=== Data below ===
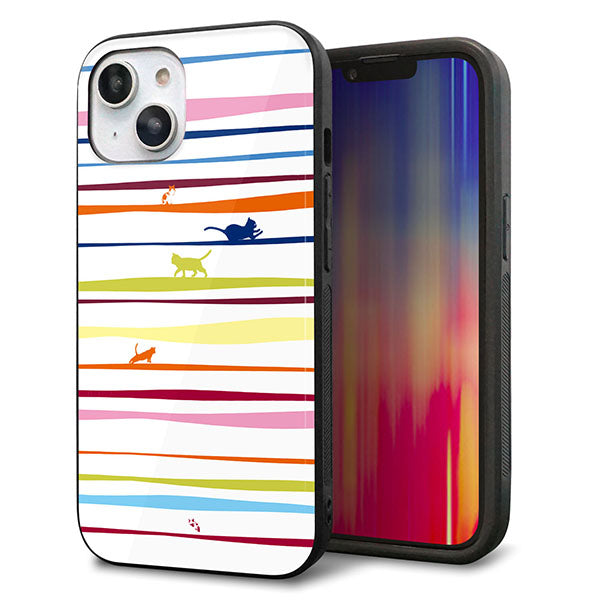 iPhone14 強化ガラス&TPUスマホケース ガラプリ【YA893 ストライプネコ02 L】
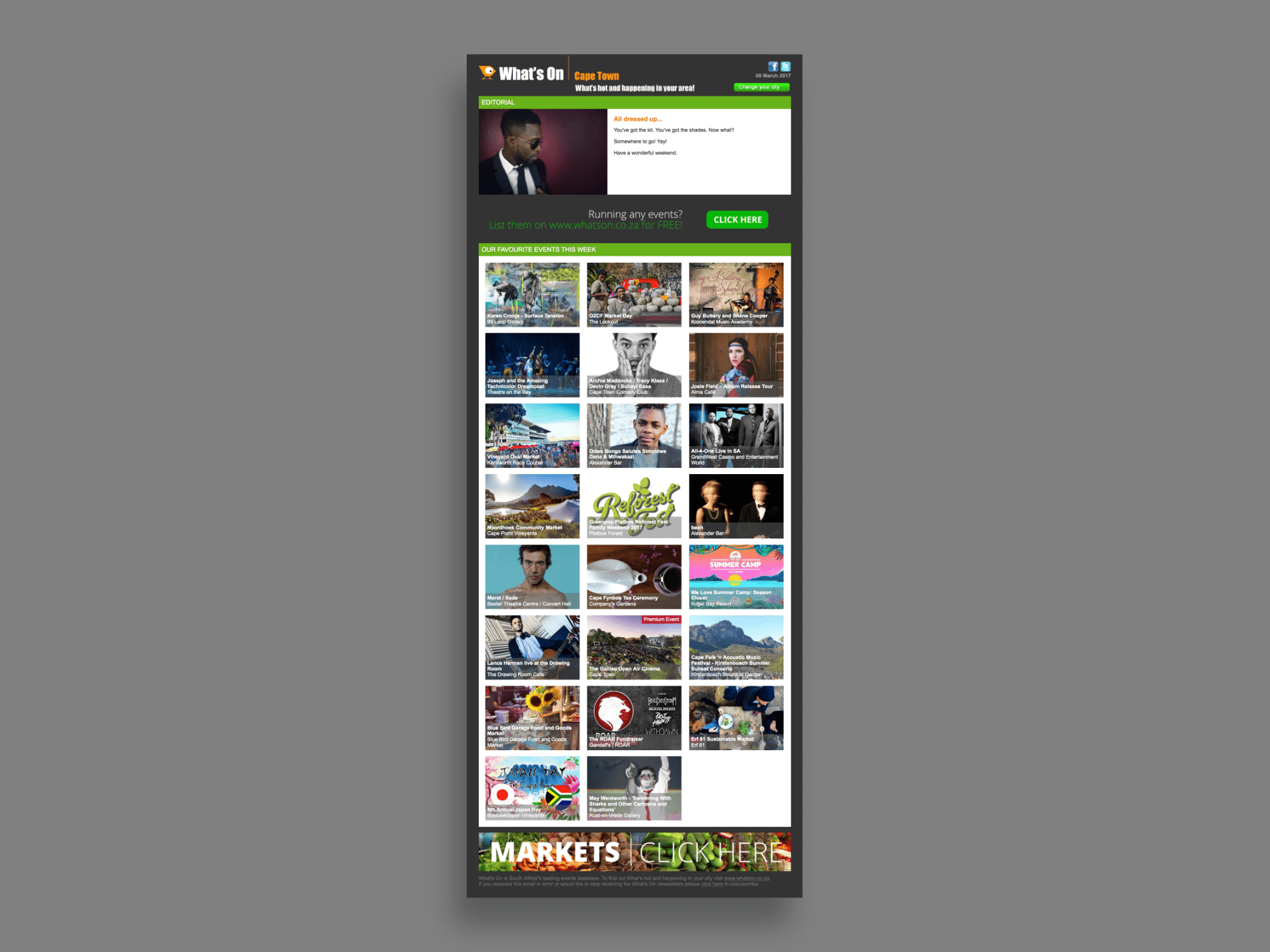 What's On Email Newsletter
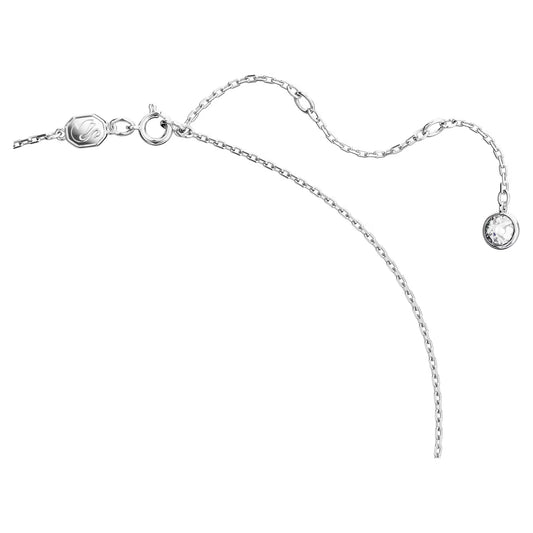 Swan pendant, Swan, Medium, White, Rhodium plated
===
§ **Task item**
Return each line of the material exactly as written; exclude the pictures.

§ **Response to this exercise**
 iPhone14 強化ガラス&TPUスマホケース ガラプリ【YA893 ストライプネコ02 L】
 What's On Email Newsletter
 Swan pendant, Swan, Medium, White, Rhodium plated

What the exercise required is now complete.